Amy teaches kindergarten in Janesville, Minnesota. Although it hasn’t been easy, the school district has made it a priority to fund all-day kindergarten because of the benefits they’ve seen.
“Having the extra time with kids makes a huge difference in providing the repetition needed to prepare kids for reading, writing and math,” Amy says.
Amy also sees all-day kindergarten as an important part of preparing kids for their future success emotionally and socially.
“The additional time it gives us to build relationships and have structure in our days is huge,” she says. “For example, one year I had a young girl in my class who was very quiet. Even being in school all day, it took almost half the year before she came out of her shell. But when she did it was so rewarding to see her smile, say ‘good morning,’ answer questions, and make friends. ”
Amy also knows how important these breakthroughs are to prepare students for the first grade.
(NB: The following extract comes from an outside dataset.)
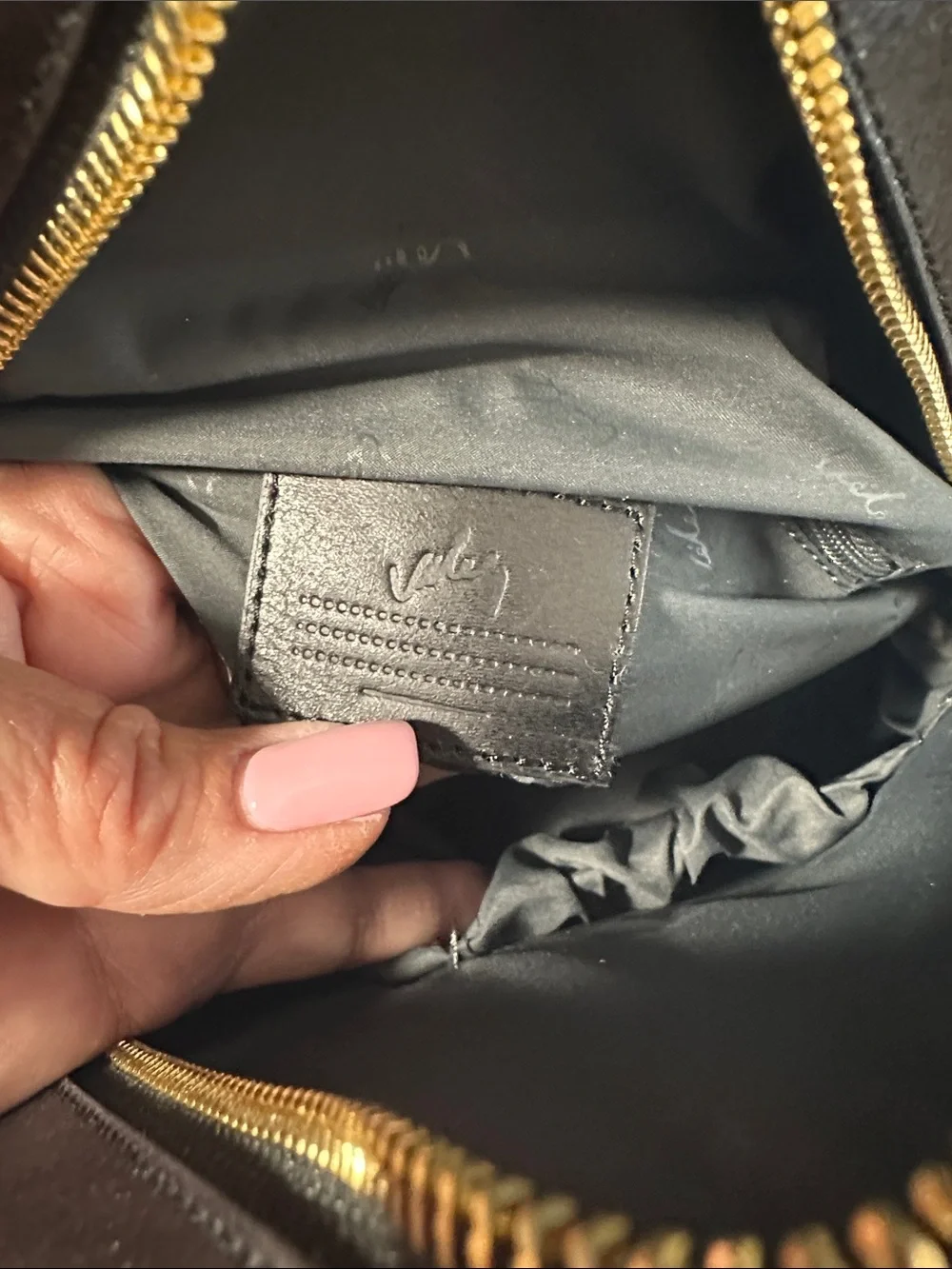 NWTS Vélez  Leather Black Croc-Embossed Mini Backpack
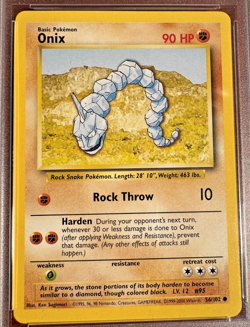 PSA 10 Onix 56/102 1999-2000 Base Set 4th Print Pokemon WOTC - Image 3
“First grade is a big learning year, but when they are used to coming to school all day and have had the chance to get comfortable with a teacher and their classmates, their anxiety goes down, which is critical to helping them learn.”
But not every child gets that chance. Amy worries about the gap created in Minnesota when not every child gets that same opportunity.
“We try to teach our kids about fairness,” she says, “But what are we saying if they are not all having an equal opportunity to succeed?”
With fair and adequate revenues, we can make sure all Minnesota kindergarteners get the time and attention they need to succeed.